Aber schließlich war er selbst schuld. Hätte er ihr an jenem Abend gesagt, was in ihm vorgegangen war, hätte vielleicht alles anders kommen können. Vielleicht wären sie glücklich miteinander? Zumindest wäre er sicher glücklicher, als er es jetzt war. Er fand seine Freundin zwar toll, allerdings war der Kontakt und somit die Freundschaft zu Sarah sehr zurückgegangen. Sie trafen sich so gut wie gar nicht mehr, und wenn sie einander zufällig begegneten, wechselten sie nur wenige Worte miteinander. Außerdem fühlte er sich schlecht seiner Freundin gegenüber. Auch wenn er sie sehr mochte, fühlte es sich nicht richtig an. Aber er wusste, dass es so am besten war. Er war in einer Beziehung und Sarah nun auch. Sie wirkte glücklich auf ihn, wenn er sie sah und schon alleine das war ein Punkt, der ihm sehr wichtig war. Dass sie glücklich war. Er würde schon irgendwie klar kommen, denn mit der Zeit, so war er sich sicher, würden seine mehr als freundschaftlichen Gefühle für Sarah sicher wieder verschwinden.
Er fand es allerdings sehr schade, dass sie beide kaum noch Kontakt zueinander hatten. Aber wen wunderte das? Er hatte sich ihr mehr oder weniger entzogen, als er erschreckend festgestellt hatte, dass er sie plötzlich sehr attraktiv fand. Er hatte selbst entschieden, dieses Geheimnis für sich zu behalten, aber er musste auch lernen, damit umzugehen und hatte versucht, sich für andere Dinge und vor allem für andere Menschen zu interessieren. Nur deshalb war er letztendlich mit Katja zusammen gekommen. Aber noch immer dachte er sehr oft an Sarah und musste schmerzlich erkennen, dass es anscheinend nichts gebracht hatte, dass er ihr nichts von seinen Gefühlen erzählt hat. Es ist paradox; hätte er ihr gesagt, was er tatsächlich seit jenem Abend auf dem Spielplatz für sie empfand, hätte er womöglich ihre Freundschaft aufs Spiel gesetzt.

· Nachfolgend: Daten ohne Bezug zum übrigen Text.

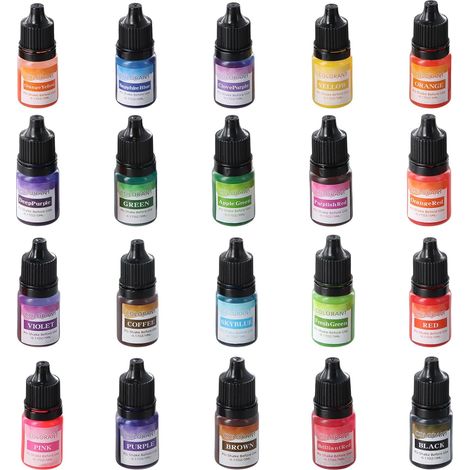 20 Couleurs Colorant Bougie, Pigments de Couleur pour Poudre de Coulée pour Fabrication Bougie, Kit Savon, Ciment, Résine Époxy, Plâtre de Béton, 5 ml Chacun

Und nun? Richtig. Er hatte seine wahren Gefühle verdrängt und damit ebenfalls die Freundschaft zerstört. Er hatte sich für den in seinen Augen »richtigen« Weg entschieden, als er gefühlsmäßig an einer Weggabelung stand, und doch hatten beide Wege zum gleichen Ziel geführt. Wäre es anders gekommen, wenn sie gewusst hätte, was er für sie empfand? Wie stand es um Sarah, war er für sie wirklich nur ein Freund?

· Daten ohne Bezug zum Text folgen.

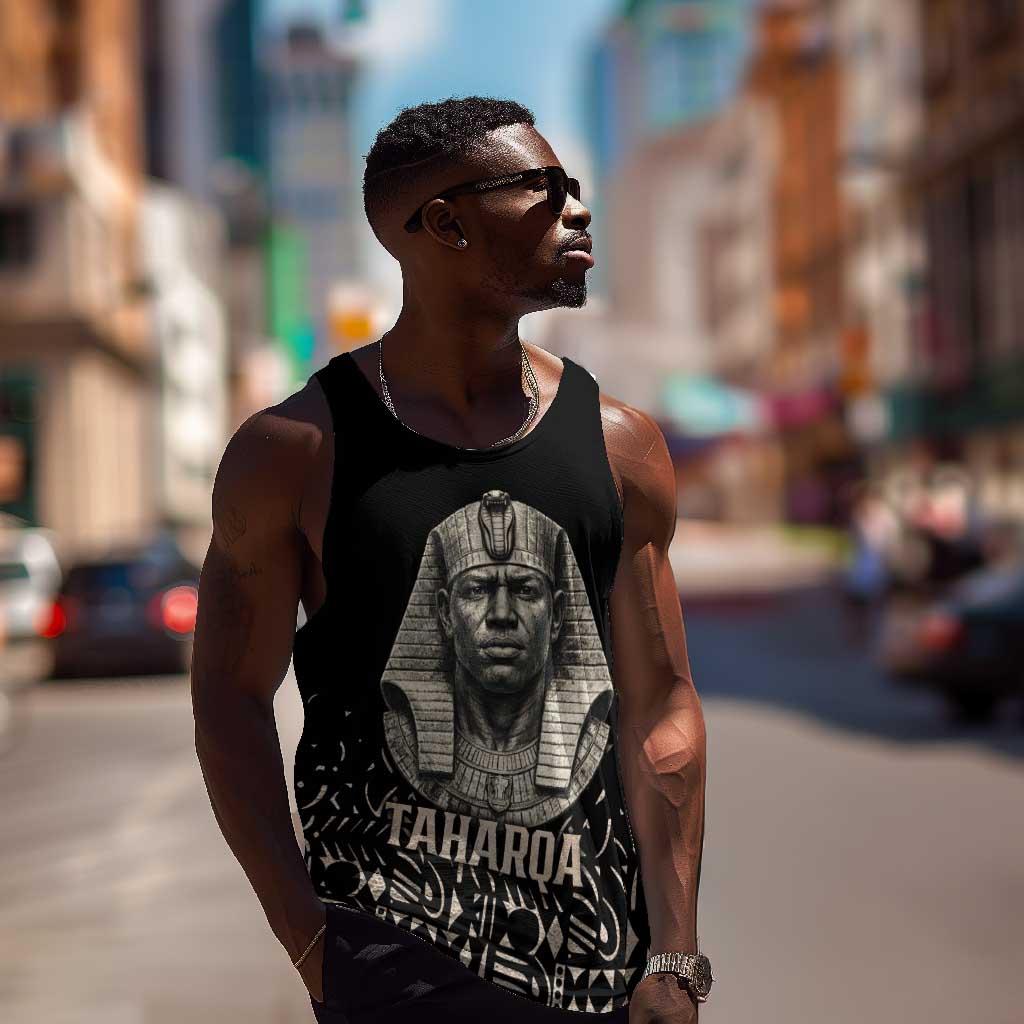 Taharqa Men Tank Top with Black Pharaoh Portrait, 25th Dynasty of Egypt Text and Nubian-Inspired - Wonder Print Shop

Er dachte noch oft an diesen einen Abend zurück und hatte dabei immer wieder das Gefühl, dass auch sie damals einen ganz bestimmten Blick in ihren Augen hatte, als sie sich lange schweigend ansahen, lediglich umgeben von der Stille und dem Sonnenuntergang. Aber andererseits konnte er sich nicht vorstellen, dass er mehr für Sarah sein könnte, als nur ihr bester Freund. Und nun war er noch nicht einmal mehr das. Sicher hätte sie ihm etwas gesagt, wenn mit ihrer Freundschaft etwas nicht gestimmt hätte. Daher verwarf er diesen Gedanken immer wieder aufs Neue. Nur um zu erkennen, dass er ihn nicht losließ, sondern er sich immer wieder die gleichen Fragen stellte. Was wäre gewesen, wenn…?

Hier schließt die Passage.